THE PEOPLE OF THE STATE OF ILLINOIS, Plaintiff-Appellee, v. ANTONIO NICHOLAS, Petitioner -Appellant.


NOTICE: This order was filed under Supreme Court Rule 23 and may not be cited as precedent by any party except in the limited circumstances allowed under Rule 23(e)(1).

Appeal from the Circuit Court of Cook County

91 CR 1637303

Honorable Matthew E. Coghlan, Judge Presiding.

PRESIDING JUSTICE PIERCE delivered the judgment of the court.
Justices Harris and Mikva concurred in the judgment.

ORDER

¶ 1 Held: The circuit court erred in granting the State's motion to dismiss petitioner's successive postconviction petition at the second stage.

¶ 2 Petitioner appeals from the circuit court's dismissal of his successive postconviction petition at the second stage and argues that the trial court erred in granting the State's motion to dismiss his petition because he has made a substantial showing of a constitutional violation that police detectives under the command of Jon Burge coerced his confession and that the State violated Brady v. Maryland, 373 U.S. 83 (1963). Petitioner argues that he is entitled to a third stage evidentiary hearing on his claim. For the following reasons, we affirm the court's dismissal

of petitioner's Brady claim and reverse the court's ruling that defendant failed to make a substantial showing of a constitutional violation with respect to his claim that his confession was involuntary and remand for a third stage evidentiary hearing.

¶ 3 BACKGROUND

¶ 4 A lengthy recitation of the facts of this case can be found in our order affirming petitioner's conviction, People v. Nicholas, No. 1-93-4215 (May 2, 1996) (unpublished order pursuant to Supreme Court Rule 23), and in our most recent opinion reversing the trial court's decision to deny petitioner leave to file his successive postconviction petition, People v. Nicholas, 2013 IL App (1st) 103202.

¶ 5 The sole issue here is whether the trial court erred in granting the State's motion to dismiss petitioner's successive postconviction petition at the second stage and, if so, should petitioner's Brady claim be reinstated. Therefore, we will briefly discuss the procedural history of this case.

¶ 6 Petitioner filed a pro se postconviction petition on September 19, 2007, wherein he alleged the 2006 Report of the Special State's Attorney (2006 Report) corroborated his claim that his confession was coerced and that the evidence, apart from the confession, was insufficient to support his convictions. On November 27, 2007, the circuit court summarily dismissed petitioner's pro se petition. The court found that petitioner had waived his coercion claim because the issue was not raised on direct appeal. On appeal of the denial of his postconviction petition, appellate counsel filed a motion to withdraw under Pennsylvania v. Finley, 481 U.S. 551 (1987), and averred that there were no meritorious issues to be presented on appeal. This court reviewed the record, counsel's brief and petitioner's response and found that there were no meritorious issues on appeal and affirmed the judgment of the circuit court. People v. Nicholas, No. 1-08-0670

(Dec. 17, 2008) (unpublished order pursuant to Supreme Court Rule 23).

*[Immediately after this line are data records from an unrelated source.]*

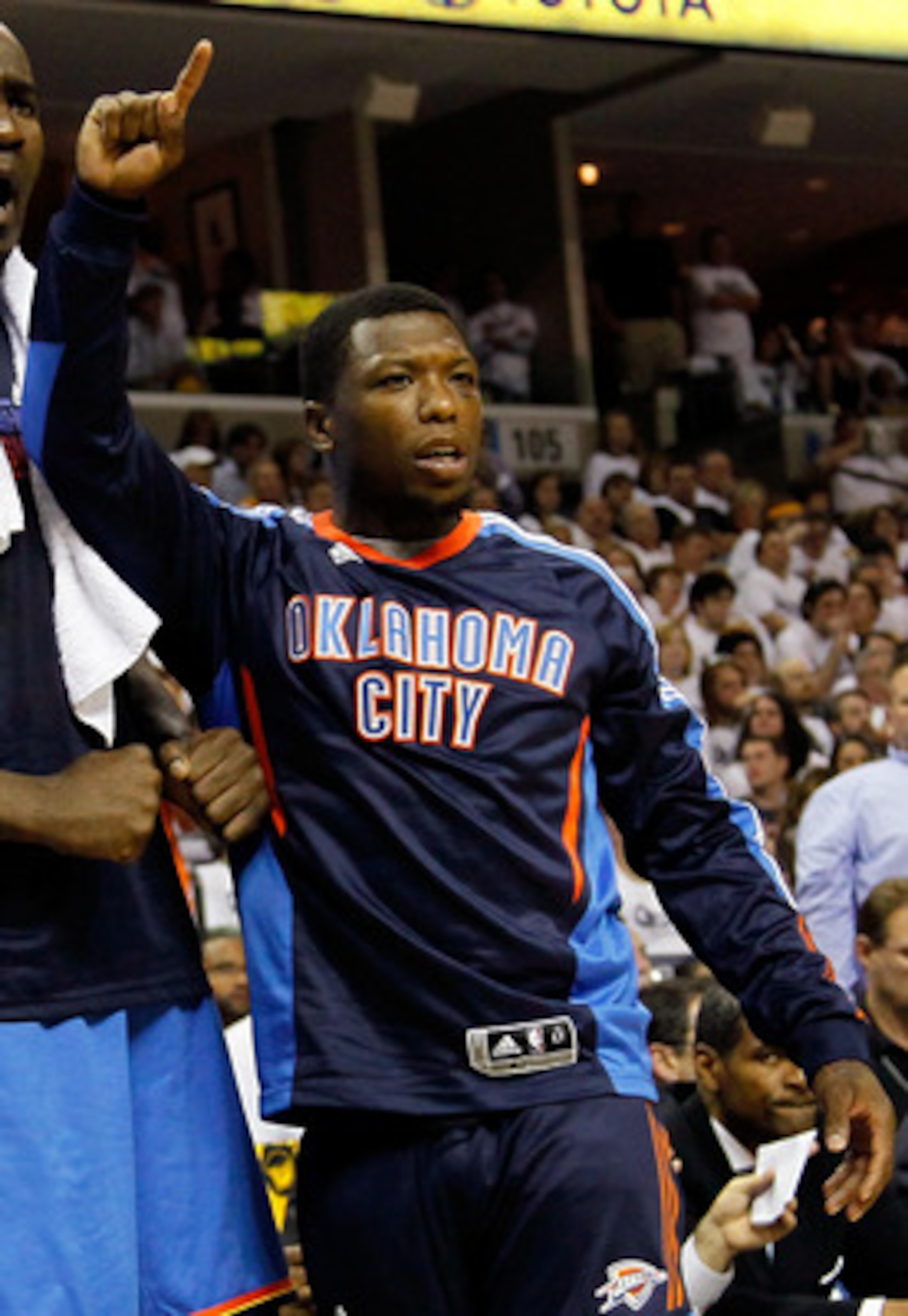 MEMPHIS, TN - MAY 13:  Serge Ibaka #9, Kendrick Perkins #5 and Nate Robinson #3 of the Oklahoma City Thunder react after a basket and a foul against the Memphis Grizzlies in Game Six of the Western Conference Semifinals in the 2011 NBA Playoffs at FedExFo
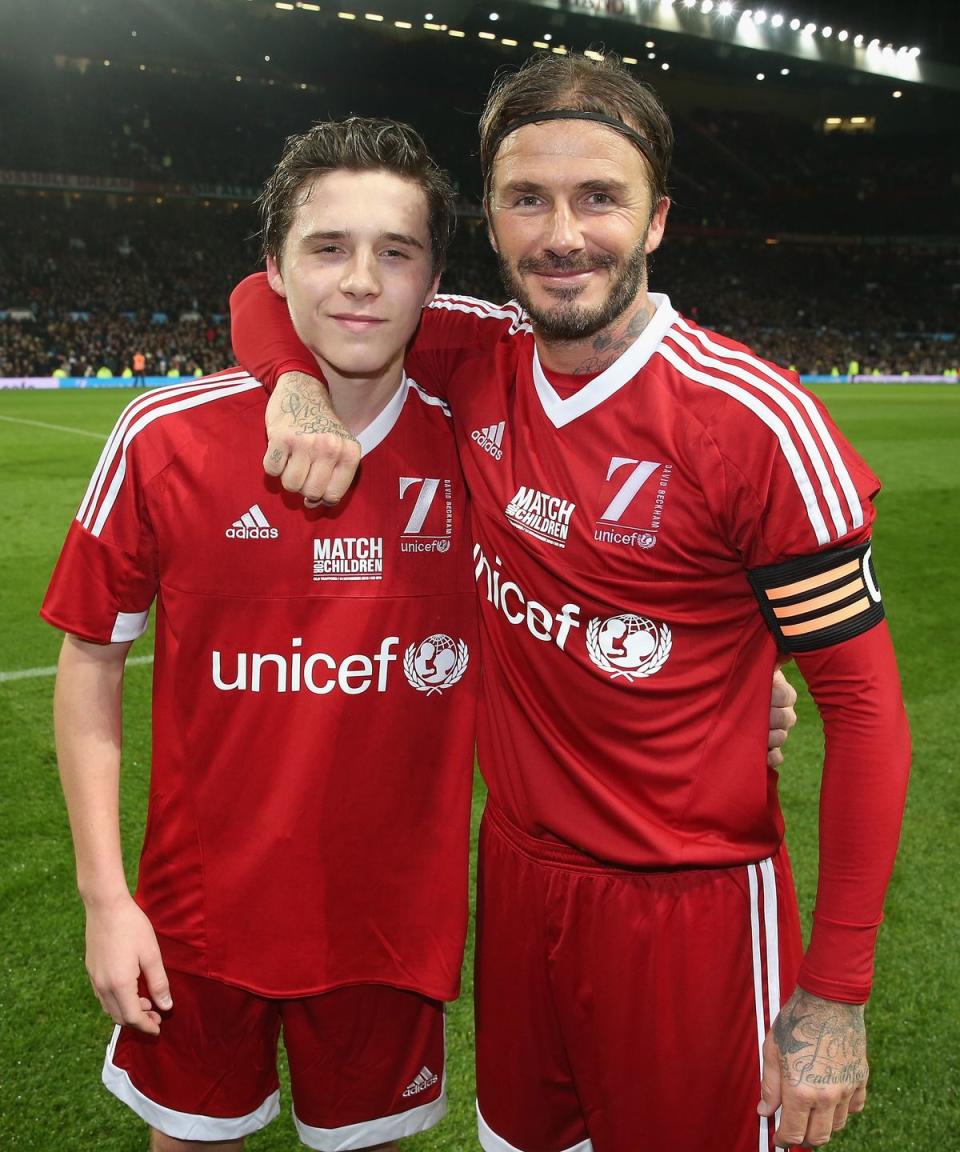 <p>Brooklyn Beckham, the eldest of Victoria and David Beckham's four kids, is quickly inheriting his soccer star dad's handsome looks. </p>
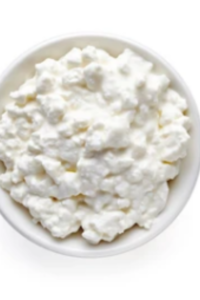 Cottage Cheese on Plates and a Bowl of Sour Cream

¶ 7 Petitioner filed a pro se successive postconviction petition on December 14, 2009, wherein he raised the following claims: (1) his confession was coerced and newly discovered evidence supported this claim; and (2) he was actually innocent and provided an affidavit of an individual who allegedly supported this claim. The circuit court denied petitioner leave to file his successive petition. We reversed the judgment of the circuit court that petitioner failed to show cause and prejudice for failing to raise in a prior proceeding his claim that his confession was physically coerced and remanded to the circuit court for second-stage proceedings with directions that the circuit court appoint counsel. We affirmed the court's dismissal of petitioner's actual newly discovered evidence of actual innocence claim. People v. Nicholas, 2013 IL App (1st) 103202.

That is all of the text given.